James Cameron and Michael Biehn Rip Into Alien 3 While Defending David Fincher
On Michael Biehn's podcast, James Cameron rips Alien 3 for killing off fan favorites Hicks and Newt, even as he and Biehn stand up for David Fincher.
Michael Biehn and James Cameron just reunited on Biehn's podcast, and yes, they went there: Alien 3. If you still grind your teeth over that movie's opening, you are very much their target audience.
The Biehn/Cameron run that people weirdly forget
Biehn and Cameron made three movies together, and all three matter. Biehn was Kyle Reese in The Terminator, briefly shot a dream-sequence cameo for Terminator 2 that ended up on the cutting room floor, jumped into Aliens as Corporal Hicks after James Remar got fired midstream, and then flipped to the dark side for The Abyss as the lone Cameron-era Biehn villain. Quietly, that is a killer trio.
Alien 3 still hits a nerve
Decades later, the Fox choice to kill off Hicks and Newt in Alien 3 (Lance Henriksen's Bishop at least pops up for a bit) still bugs both guys. On Biehn's show, Just Fooling About With Michael Biehn, Cameron did not sugarcoat it.

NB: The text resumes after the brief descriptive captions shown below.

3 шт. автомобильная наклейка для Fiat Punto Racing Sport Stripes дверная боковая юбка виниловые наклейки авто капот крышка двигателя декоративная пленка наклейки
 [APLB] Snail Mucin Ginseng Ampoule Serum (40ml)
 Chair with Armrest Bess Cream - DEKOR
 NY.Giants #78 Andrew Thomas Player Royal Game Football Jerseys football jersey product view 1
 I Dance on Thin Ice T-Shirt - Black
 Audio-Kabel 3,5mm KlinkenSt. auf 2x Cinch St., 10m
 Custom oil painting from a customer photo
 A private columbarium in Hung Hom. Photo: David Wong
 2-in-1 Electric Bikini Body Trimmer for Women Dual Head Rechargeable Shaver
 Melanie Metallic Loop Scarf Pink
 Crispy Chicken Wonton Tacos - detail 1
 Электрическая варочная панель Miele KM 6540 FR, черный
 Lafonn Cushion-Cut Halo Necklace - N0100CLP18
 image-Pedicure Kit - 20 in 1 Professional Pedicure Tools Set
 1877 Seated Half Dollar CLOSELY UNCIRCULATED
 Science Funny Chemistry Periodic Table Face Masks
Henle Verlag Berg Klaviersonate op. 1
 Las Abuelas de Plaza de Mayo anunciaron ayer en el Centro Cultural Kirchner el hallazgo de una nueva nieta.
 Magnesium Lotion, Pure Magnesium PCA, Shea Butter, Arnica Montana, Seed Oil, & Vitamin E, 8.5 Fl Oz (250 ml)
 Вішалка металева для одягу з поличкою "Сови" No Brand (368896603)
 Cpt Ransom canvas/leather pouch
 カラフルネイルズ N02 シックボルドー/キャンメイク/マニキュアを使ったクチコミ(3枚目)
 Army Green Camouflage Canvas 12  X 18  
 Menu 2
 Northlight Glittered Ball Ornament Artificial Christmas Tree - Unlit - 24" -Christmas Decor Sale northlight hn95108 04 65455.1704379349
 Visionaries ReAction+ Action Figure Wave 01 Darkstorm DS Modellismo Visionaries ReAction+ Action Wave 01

"I thought that was the stupidest f*cking thing."
He laid out the logic in his very Cameron way: you spend a whole movie building audience goodwill around Hicks, Newt, and Bishop, and then the sequel opens by tossing them in the trash and swapping in a bunch of prisoners nobody is inclined to root for. His words, not mine. Importantly, he separates that call from David Fincher himself. Cameron says he likes Fincher's work, points out Alien 3 was Fincher's first feature, and notes the studio tug-of-war he was dealing with. Translation: he gives Fincher a pass for inheriting a mess.
The likeness story that suddenly feels very 2025
The conversation veers into a very modern worry: AI and using actors' faces without sign-off. Biehn says Alien 3 used his likeness without his permission, and he only found out because a producer he was working with tipped him off. When he pushed back, the studio dangled a big check to make it official — big enough that, according to Biehn, it was more than he made on Aliens. He still said no. Fincher even called him personally, and Biehn's response was, verbatim: "go f*ck yourself man." Cameron, deadpan as ever, followed with: "I wonder why you've never been cast in a David Fincher film."
Where Cameron lands on Fincher and Alien now
Despite all that, Cameron insists there's no bad blood with Fincher — "he's my kind of ornery," as he put it. As for the franchise today, Cameron says he liked Alien: Earth, was more mixed on Alien: Romulus (he was into parts of it), and has zero desire to return to the series himself. In his view, it's drifted into being too fan-driven, and there isn't enough money you could wave in his face to change his mind.
- Cameron still loathes Alien 3's decision to wipe out Hicks and Newt out of the gate
- Both he and Biehn basically absolve Fincher, framing it as a first-feature caught in studio crosswinds
- Biehn says Alien 3 used his image without consent; he refused a hefty payout that topped his Aliens salary, even after a direct call from Fincher
- Cameron says he digs Fincher personally, liked Alien: Earth, only liked parts of Alien: Romulus, and has no interest in coming back to Alien
What do you think — killing Hicks and Newt: franchise self-sabotage or bold swing that never got a fair shake?